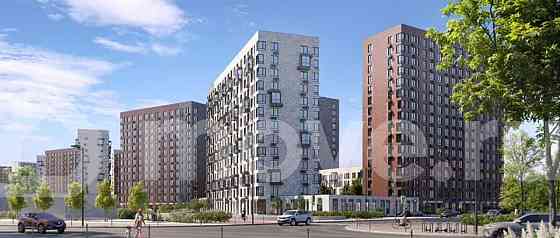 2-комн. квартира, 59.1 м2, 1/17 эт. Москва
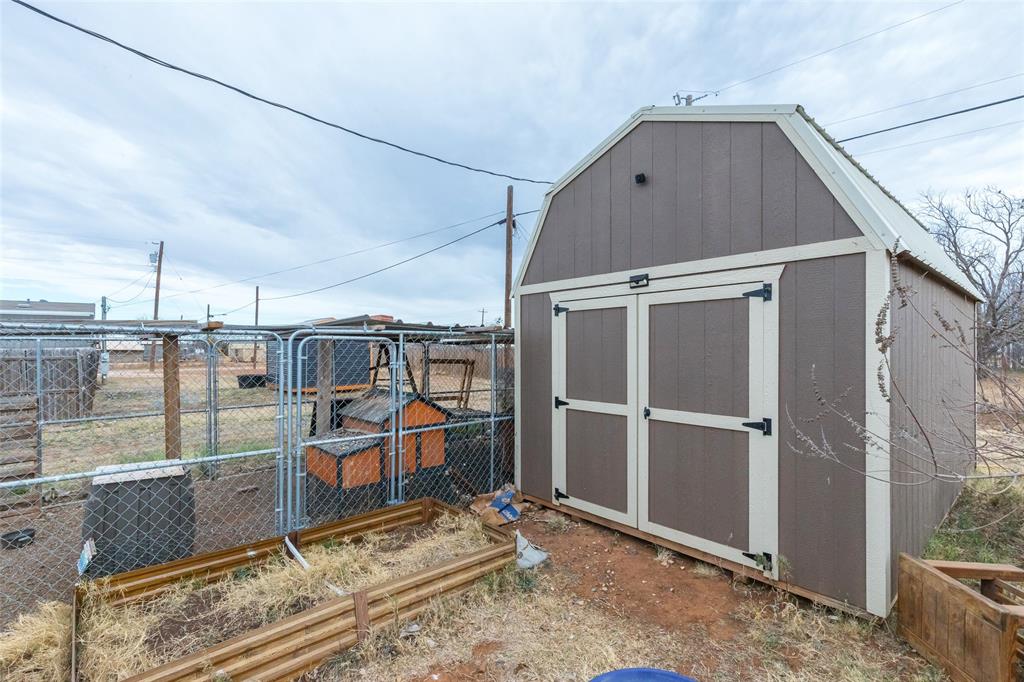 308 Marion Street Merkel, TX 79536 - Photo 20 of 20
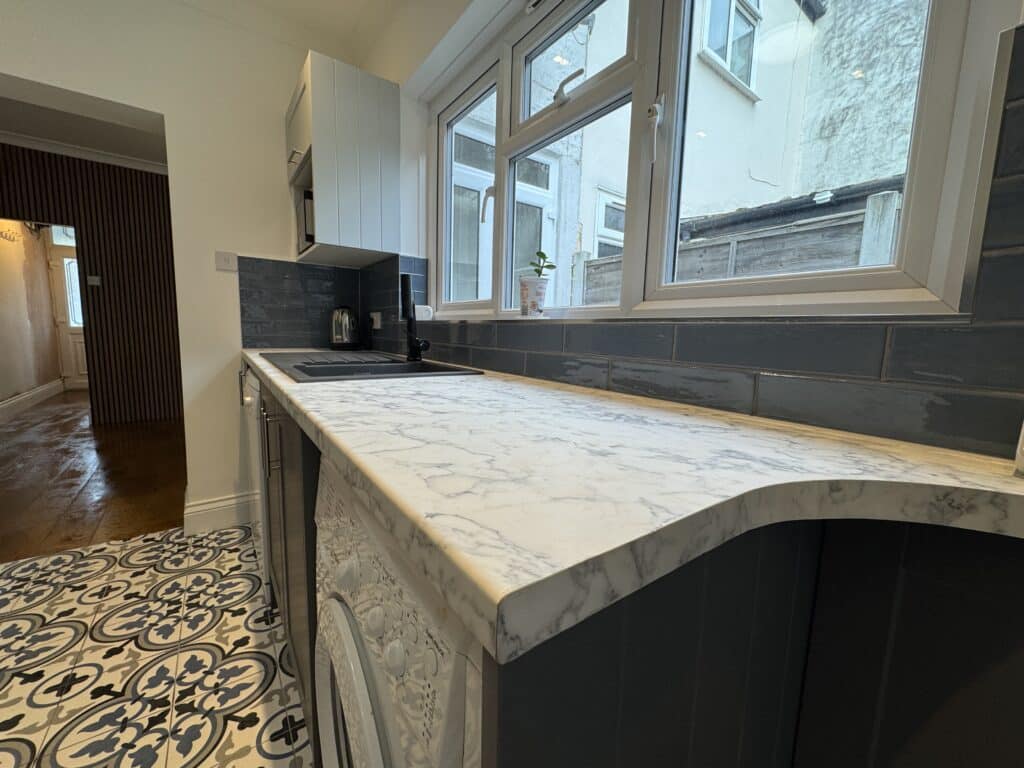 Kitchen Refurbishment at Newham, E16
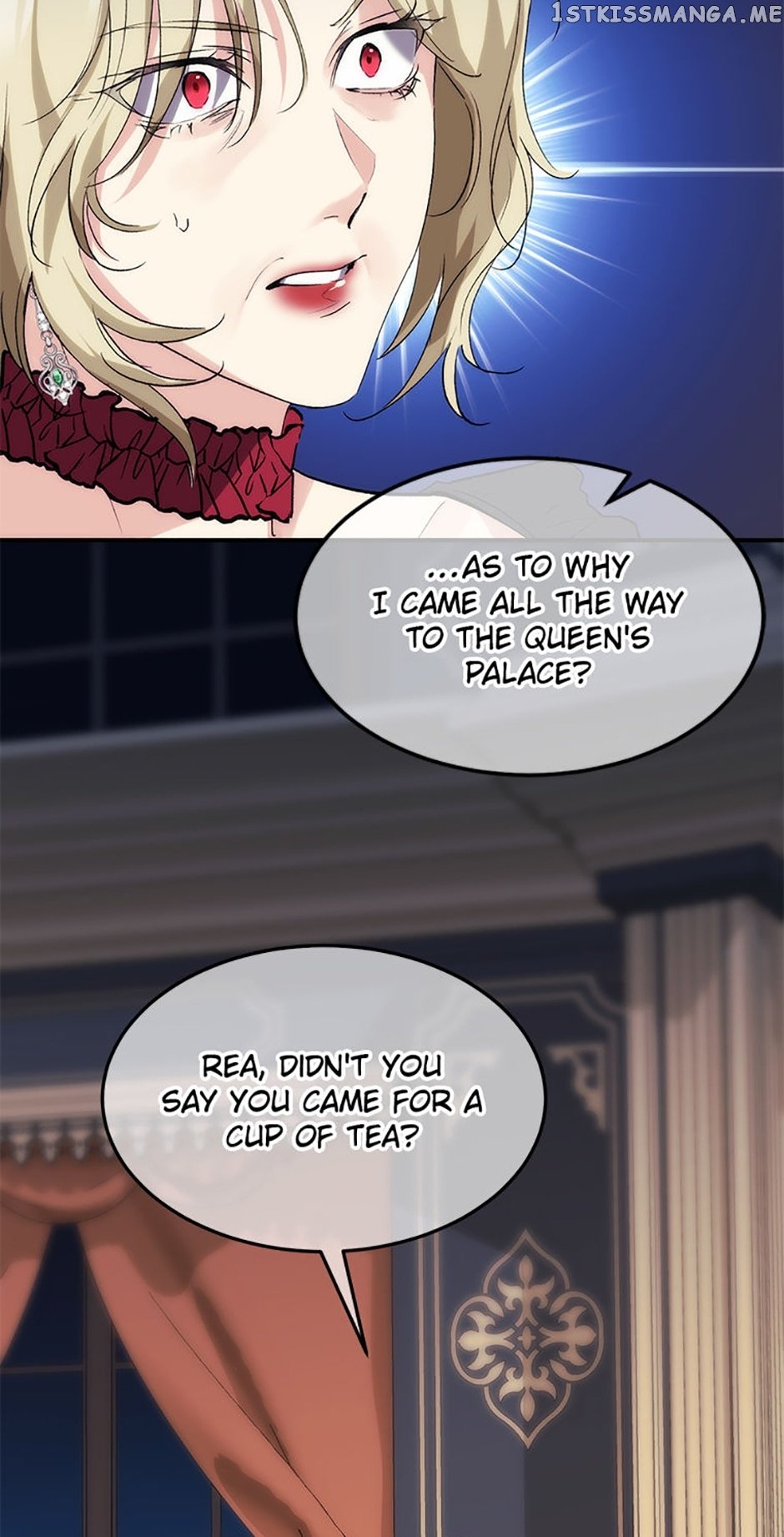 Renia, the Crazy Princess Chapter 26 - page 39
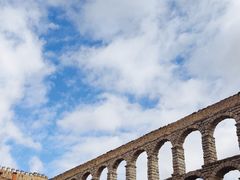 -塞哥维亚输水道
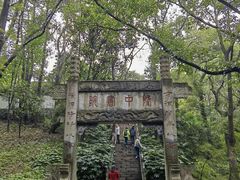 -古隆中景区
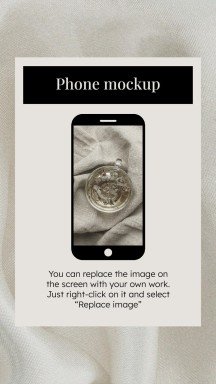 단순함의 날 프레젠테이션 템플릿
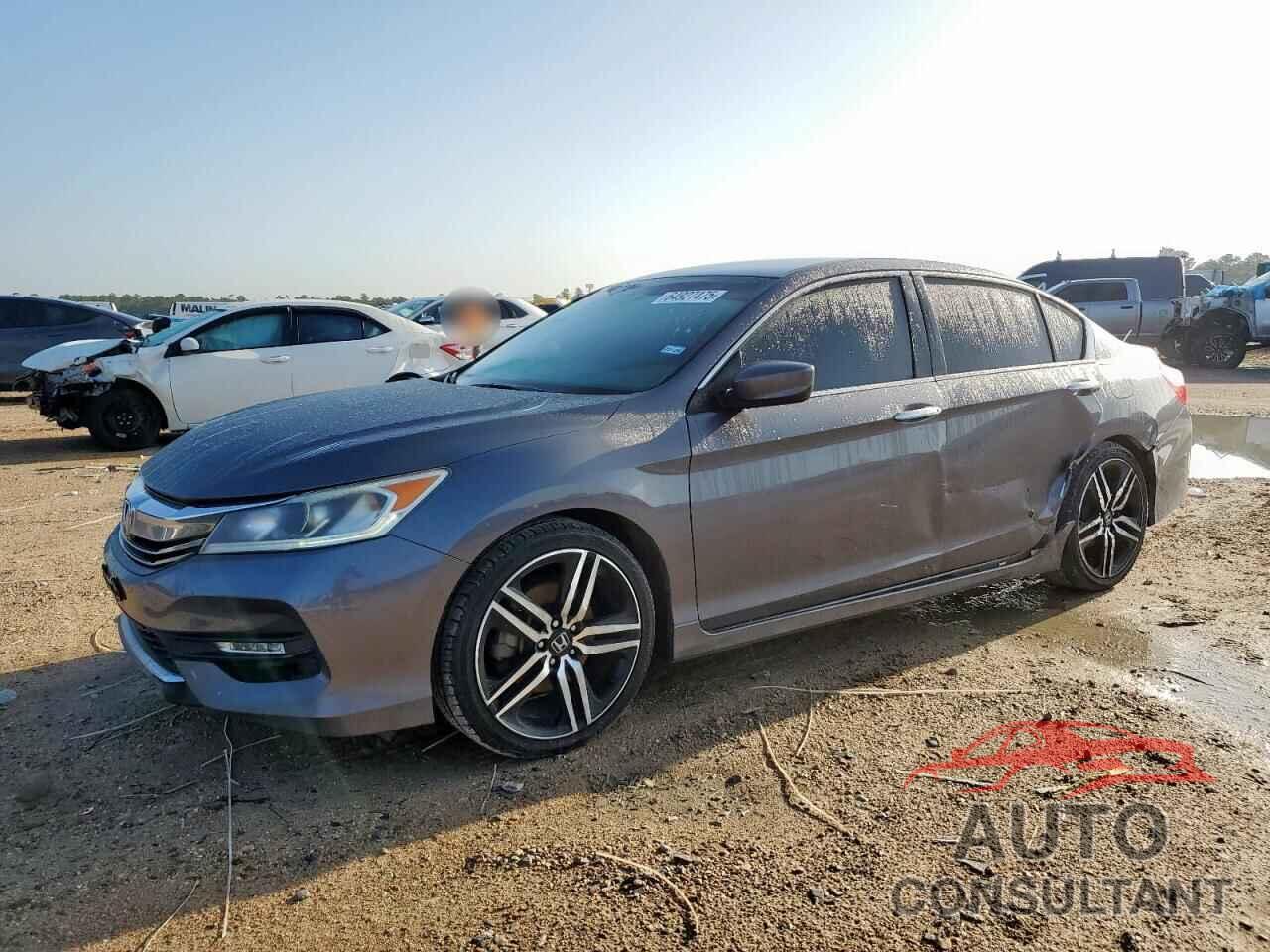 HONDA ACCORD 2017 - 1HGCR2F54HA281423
· · · · · · ·
▶ **WHAT IS REQUIRED**
Without the pictures, repeat the line with "Renia, the Crazy" and every line after it to the end of the listing, and nothing else.

▶ **YOUR RESPONSE**
 Renia, the Crazy Princess Chapter 26 - page 39
 -塞哥维亚输水道
 -古隆中景区
 단순함의 날 프레젠테이션 템플릿
 HONDA ACCORD 2017 - 1HGCR2F54HA281423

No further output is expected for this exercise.